In 2004 Thomson began adding further movies to his screenography, spearheaded by an impressively understated performance in coming of age story Somersault, the breakout film for young actor Abbie Cornish (Bright Star). Thomson won an Australian Film Institute Best Supporting Actor award for his role, as older family friend to Sam Worthington's character, who has Cornish in his sights.

Four years later Thomson was nominated in the same category for drama The Black Balloon, another AFI award-winner for film, direction and script. This time he played the soldier father of the main character.

After a decade in Australia, Thomson returned to New Zealand in 2006 to star in We're Here to Help. Based on a book by Christchurch property developer Dave Henderson, the movie dramatised an extended battle with the tax department. The filmmakers wanted an actor with charm and a sense of independence and drive. Thomson didn't meet Henderson until the final day of filming, because the film was "not a factual reenactment". "I didn't want him to cloud my view of the sort of person I'd interpreted the character to be". Lumière reviewer Simon Sweetman praised the "superb" casting, and Thomson's NZ Film Award-nominated performance for expressing "a playfulness, a cheekiness that could be hiding something".

In 2008 Thomson starred in the first of six seasons of hit Australian family drama/comedy Packed to the Rafters. Thomson's character, father Dave Rafter (opposite Kiwi-born Rebecca Gibney), was "an everyman suburban bloke", familiar to the actor from his own Tauranga upbringing. Debuting in late 2021, sequel Back to the Rafters was Amazon Prime's first Australian-originated drama series. 

When Rafters first ended, Thomson tried out some character roles with emerging directors. But in terms of returning to "mainstream, commercial" television, he was wary of alienating the audience base he'd been building up. "I wanted something that would lead into a new territory without being too different."

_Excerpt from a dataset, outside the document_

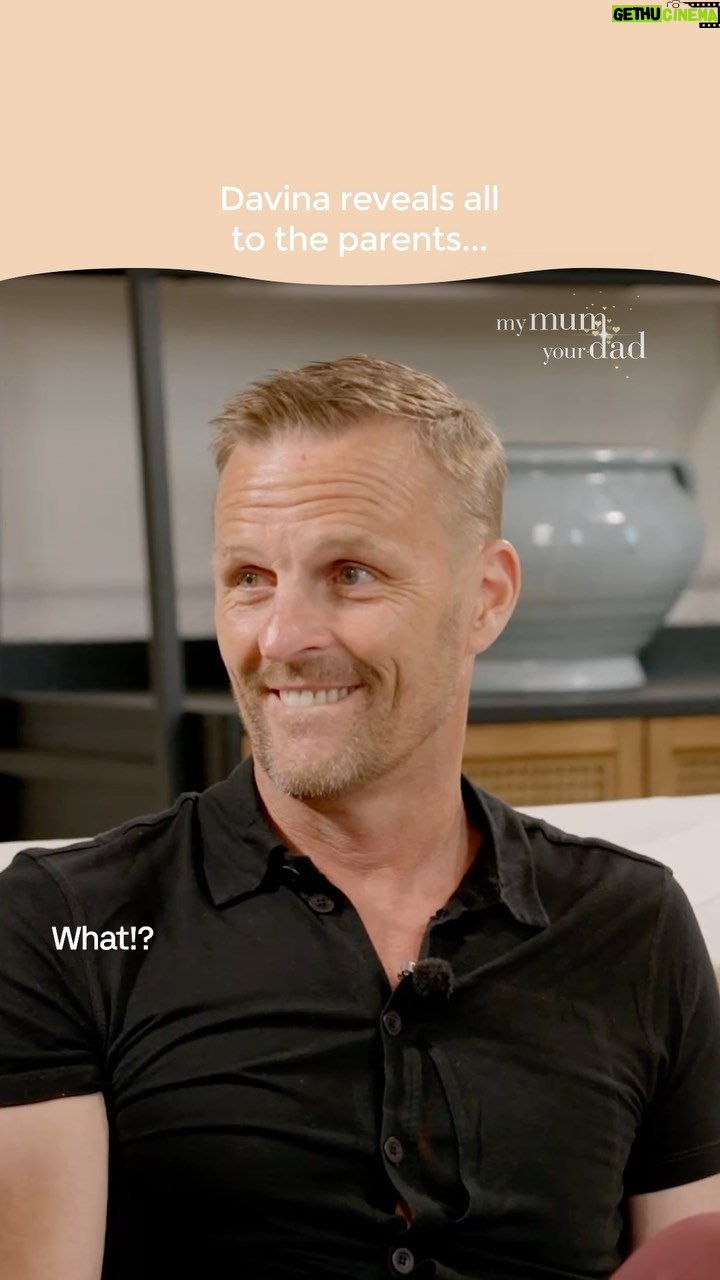 Davina McCall Instagram - Can’t wait for the big reveal? You can head over to ITVX now to stream the final episode, or sit tight and we’ll see you Friday at the slightly later time of 10pm 👀 #MyMumYourDad #MyMumYourDadUK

The answer was 800 Words. As associate producer, Thomson described himself as "the matchmaker" between the production companies who made it: Australia's Channel Seven and New Zealand's South Pacific Pictures. This time he played Aussie writer George Turner, who makes the "rash decision" to relocate to a small Kiwi town with his two teenage children, after his wife's death. Shot north of Auckland, the show resonated because "it had a big strong heart, but also because I'm an ex-pat New Zealander, and it was about a man coming home, that really resonated with me, and that was how it got into my head".

In 2016 Thomson won a Best Actor Logie for his work, and he was nominated again the next year. He was sad to see the show cancelled in 2018, after three seasons. But having now done a decade of playing "the mildly complicated, affable father figure", he was happy to join comedy series Aftertaste. Thomson stars as a egocentric, disgraced celebrity chef who returns to Australia to start over; he also co-produced the show.

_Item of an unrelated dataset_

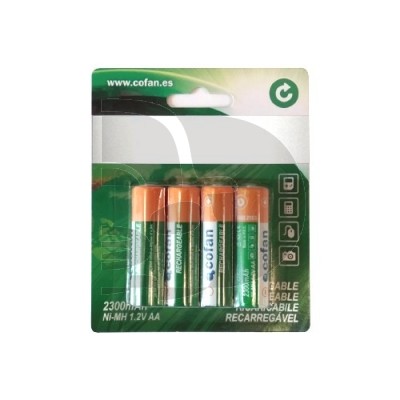 PILA ALKALINA LR6 / AA RECARGABLE PACK 4 UNID.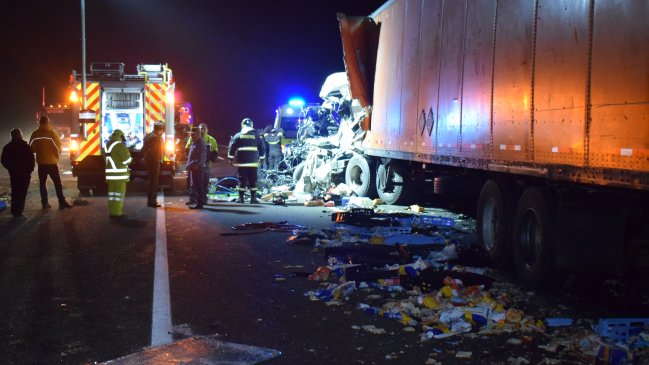 Copiapó: Accidente involucró a cinco camiones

In winter 2019 Thomson returned to New Zealand to star in probably his darkest project to date. In acclaimed indie thriller Coming Home in the Dark, he plays a school teacher who encounters two terrifying drifters, while on a road trip with his wife (Miriama McDowell) and children. Thomson also acted in the TV adaptation of Eleanor Catton's novel The Luminaries, as pimp Dick Mannering.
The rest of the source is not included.